The Register Citizen (Torrington, CT)

Relationsh­ip lacks fidelity

- Annie Lane Send your questions for Annie Lane to dearannie@creators.com.

Dear Annie: My wife and I have been together for 20 years and married for four. We have three kids. In the beginning of our relationsh­ip, it was bad — and the bad all came from me. I cheated on her and hurt her. She stayed by my side, and that’s when I realized that I have a wonderful woman. I got my act together and ended up marrying her.

This year, I have caught her cheating on me twice. All she does is say that I have done it to her in the past. I’m stuck, because I don’t want to leave but I also can’t accept the cheating. What do I do?

Heartbroke­n Hubby

Dear Heartbroke­n Hubby: Though you put your affairs behind you, your wife clearly wasn’t able to.

Marriage counselors aid couples grappling with these issues every day, and I recommend you and your wife set up an appointmen­t as soon as possible.

Dear Annie: I saw the letter in your column written by “Jealous in Wisconsin.” I empathize with “Jealous,” because I know exactly how he feels. My wife and I both met when we were just barely 20 years old. I was a very naive 20. I had only had one girlfriend in my life, and we’d never even gotten physical. My wife and I married at 21 after going together for a year. I was deeply in love. A few years after we got married and had a son, I found out some things from a friend of hers. It seems my wife had quite a past with other men, including two married men. .

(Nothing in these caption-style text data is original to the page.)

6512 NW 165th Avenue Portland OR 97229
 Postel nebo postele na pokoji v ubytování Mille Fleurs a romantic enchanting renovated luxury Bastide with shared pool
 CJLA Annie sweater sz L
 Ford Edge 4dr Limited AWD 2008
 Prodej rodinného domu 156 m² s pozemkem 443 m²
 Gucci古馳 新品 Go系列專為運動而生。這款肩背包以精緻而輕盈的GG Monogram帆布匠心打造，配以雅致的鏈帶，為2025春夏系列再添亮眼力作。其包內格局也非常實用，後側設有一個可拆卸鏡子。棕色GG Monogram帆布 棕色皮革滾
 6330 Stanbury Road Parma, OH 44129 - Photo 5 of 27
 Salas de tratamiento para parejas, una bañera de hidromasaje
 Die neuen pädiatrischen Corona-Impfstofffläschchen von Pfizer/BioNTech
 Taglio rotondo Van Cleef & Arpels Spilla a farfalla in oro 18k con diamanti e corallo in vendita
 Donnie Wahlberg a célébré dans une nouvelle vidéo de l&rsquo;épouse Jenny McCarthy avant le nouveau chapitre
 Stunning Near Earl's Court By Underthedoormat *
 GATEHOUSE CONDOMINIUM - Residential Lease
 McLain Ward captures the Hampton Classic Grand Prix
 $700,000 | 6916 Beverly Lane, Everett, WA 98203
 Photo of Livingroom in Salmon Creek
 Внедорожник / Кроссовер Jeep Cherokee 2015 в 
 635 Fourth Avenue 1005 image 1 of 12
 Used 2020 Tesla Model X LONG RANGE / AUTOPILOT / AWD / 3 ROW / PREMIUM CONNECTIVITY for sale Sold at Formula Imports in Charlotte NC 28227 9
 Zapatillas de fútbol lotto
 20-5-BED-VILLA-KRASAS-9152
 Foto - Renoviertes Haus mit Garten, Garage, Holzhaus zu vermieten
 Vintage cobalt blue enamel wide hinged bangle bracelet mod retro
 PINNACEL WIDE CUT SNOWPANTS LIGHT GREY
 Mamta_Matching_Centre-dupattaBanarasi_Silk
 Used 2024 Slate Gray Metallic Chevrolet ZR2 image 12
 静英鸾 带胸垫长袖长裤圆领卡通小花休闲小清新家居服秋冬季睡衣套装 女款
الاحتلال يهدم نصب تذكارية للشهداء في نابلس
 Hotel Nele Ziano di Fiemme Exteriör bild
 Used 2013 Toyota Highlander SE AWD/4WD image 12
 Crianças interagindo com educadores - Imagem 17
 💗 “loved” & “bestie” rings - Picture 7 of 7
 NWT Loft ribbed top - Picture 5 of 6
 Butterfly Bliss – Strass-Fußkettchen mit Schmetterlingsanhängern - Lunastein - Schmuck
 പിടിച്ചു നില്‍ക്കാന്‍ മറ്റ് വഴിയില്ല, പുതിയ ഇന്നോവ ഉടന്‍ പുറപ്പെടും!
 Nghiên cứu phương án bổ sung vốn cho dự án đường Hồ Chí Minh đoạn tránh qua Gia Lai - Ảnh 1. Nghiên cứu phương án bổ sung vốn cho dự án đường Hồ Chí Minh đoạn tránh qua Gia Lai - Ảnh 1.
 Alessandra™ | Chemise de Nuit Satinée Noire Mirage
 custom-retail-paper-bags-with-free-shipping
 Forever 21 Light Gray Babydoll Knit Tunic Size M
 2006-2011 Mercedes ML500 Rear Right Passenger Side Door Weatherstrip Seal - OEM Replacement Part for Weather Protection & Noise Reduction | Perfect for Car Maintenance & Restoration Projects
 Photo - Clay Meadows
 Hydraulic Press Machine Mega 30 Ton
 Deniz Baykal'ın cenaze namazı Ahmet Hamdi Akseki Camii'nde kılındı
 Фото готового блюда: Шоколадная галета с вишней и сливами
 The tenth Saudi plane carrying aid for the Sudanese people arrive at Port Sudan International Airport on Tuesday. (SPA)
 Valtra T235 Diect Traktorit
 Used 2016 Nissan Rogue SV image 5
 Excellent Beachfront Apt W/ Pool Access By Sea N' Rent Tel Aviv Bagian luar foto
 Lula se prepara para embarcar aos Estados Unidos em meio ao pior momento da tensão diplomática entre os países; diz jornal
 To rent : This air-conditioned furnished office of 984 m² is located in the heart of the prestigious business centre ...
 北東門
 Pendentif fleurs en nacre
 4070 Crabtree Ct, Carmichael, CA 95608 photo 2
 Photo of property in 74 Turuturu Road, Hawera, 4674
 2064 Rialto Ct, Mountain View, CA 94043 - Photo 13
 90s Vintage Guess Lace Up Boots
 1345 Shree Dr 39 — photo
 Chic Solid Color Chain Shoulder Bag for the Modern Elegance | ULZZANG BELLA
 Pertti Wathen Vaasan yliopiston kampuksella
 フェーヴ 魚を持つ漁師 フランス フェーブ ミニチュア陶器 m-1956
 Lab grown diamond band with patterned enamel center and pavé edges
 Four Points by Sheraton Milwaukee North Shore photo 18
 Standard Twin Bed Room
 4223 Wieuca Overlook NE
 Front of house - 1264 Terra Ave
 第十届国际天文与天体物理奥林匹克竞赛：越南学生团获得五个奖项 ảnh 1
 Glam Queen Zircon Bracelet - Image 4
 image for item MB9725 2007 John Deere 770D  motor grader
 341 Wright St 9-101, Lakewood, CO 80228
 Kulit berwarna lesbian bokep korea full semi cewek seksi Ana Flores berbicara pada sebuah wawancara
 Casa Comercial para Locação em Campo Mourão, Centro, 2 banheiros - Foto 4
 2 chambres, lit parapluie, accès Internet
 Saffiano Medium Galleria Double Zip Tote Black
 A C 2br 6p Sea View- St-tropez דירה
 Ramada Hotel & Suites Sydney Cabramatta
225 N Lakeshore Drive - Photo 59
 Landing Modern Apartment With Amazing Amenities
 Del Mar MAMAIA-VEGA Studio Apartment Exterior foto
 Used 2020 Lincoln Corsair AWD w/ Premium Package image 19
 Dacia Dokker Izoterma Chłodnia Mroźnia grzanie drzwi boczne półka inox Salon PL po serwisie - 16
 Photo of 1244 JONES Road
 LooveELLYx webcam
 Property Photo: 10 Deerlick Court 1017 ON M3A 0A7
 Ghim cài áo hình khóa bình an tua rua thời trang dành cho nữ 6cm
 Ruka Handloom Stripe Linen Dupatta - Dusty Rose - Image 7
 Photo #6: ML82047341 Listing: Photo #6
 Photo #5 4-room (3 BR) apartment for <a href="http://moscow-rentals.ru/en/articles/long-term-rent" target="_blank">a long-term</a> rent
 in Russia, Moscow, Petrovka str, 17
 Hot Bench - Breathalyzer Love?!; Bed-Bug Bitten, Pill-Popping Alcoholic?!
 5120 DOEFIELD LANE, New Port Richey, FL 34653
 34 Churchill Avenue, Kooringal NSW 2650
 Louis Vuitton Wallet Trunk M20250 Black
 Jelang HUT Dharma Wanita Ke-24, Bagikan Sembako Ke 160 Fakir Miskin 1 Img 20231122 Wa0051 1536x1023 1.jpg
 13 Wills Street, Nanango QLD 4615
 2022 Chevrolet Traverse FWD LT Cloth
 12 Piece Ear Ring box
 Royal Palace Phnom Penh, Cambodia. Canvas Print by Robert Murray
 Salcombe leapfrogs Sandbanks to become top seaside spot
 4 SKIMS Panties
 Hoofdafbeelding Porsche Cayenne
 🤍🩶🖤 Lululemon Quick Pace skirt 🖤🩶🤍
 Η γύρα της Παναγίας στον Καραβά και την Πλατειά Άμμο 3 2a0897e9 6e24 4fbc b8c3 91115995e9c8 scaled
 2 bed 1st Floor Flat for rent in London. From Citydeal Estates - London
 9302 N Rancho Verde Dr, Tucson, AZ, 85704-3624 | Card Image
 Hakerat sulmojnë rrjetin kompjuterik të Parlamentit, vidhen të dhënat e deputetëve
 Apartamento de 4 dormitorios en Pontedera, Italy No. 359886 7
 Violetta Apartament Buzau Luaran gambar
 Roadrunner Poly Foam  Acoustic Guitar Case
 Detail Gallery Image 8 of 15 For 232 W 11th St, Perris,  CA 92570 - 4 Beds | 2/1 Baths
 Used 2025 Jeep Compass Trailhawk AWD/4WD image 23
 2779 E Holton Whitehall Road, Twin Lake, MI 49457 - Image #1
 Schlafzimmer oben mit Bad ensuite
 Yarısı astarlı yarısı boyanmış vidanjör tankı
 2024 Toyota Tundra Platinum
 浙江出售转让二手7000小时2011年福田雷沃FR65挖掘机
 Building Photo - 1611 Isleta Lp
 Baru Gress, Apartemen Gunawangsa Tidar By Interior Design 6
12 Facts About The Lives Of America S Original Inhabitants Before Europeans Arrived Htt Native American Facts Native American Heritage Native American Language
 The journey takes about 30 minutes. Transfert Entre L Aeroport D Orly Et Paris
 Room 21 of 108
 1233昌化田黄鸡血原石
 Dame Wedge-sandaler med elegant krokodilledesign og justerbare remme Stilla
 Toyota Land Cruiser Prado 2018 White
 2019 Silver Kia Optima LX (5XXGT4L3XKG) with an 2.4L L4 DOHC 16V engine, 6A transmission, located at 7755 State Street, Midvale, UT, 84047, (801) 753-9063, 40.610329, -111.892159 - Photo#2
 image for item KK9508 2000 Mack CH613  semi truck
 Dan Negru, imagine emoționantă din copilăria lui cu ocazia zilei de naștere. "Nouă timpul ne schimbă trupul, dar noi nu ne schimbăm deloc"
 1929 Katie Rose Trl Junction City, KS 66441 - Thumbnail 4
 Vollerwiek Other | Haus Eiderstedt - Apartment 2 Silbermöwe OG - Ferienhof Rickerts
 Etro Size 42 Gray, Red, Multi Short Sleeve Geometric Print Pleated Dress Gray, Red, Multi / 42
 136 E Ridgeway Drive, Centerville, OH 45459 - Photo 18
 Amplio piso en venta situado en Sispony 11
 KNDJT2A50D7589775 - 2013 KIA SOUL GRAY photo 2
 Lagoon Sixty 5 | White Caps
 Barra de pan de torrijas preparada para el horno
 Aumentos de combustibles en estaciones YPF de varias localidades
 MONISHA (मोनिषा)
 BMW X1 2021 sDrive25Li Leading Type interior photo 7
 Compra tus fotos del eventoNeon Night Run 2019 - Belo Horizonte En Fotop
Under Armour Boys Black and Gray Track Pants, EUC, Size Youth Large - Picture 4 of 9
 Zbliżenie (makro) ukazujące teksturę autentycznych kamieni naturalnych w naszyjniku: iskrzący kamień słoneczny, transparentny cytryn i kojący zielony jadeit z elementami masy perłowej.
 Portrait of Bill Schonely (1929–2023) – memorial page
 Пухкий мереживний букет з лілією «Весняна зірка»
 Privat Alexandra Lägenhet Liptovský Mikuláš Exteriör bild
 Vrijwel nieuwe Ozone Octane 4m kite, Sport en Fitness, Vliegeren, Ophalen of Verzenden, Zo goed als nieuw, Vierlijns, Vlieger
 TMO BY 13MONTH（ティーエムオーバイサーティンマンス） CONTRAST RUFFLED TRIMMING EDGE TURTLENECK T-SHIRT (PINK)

I have never looked at her the same. The love I had for her has disappeare­d. We’ve been married for almost 40 years now because I decided to stay with her — not out of love but out of obligation, I suppose. I haven’t been intimate with her for decades and won’t ever again. I suppose she doesn’t care about the intimate part; she already had her fun. She has been a great mom to our son, and she has been kind to me over the years. You can call it wrong to act or feel that way, but I do, and no counseling will ever change that. Sickened

Dear Sickened: Shame on you. Your wife didn’t break any vows, but you did. Rather than love and cherish her, you’ve treated her like dirt, all because of some things she did as a teenager.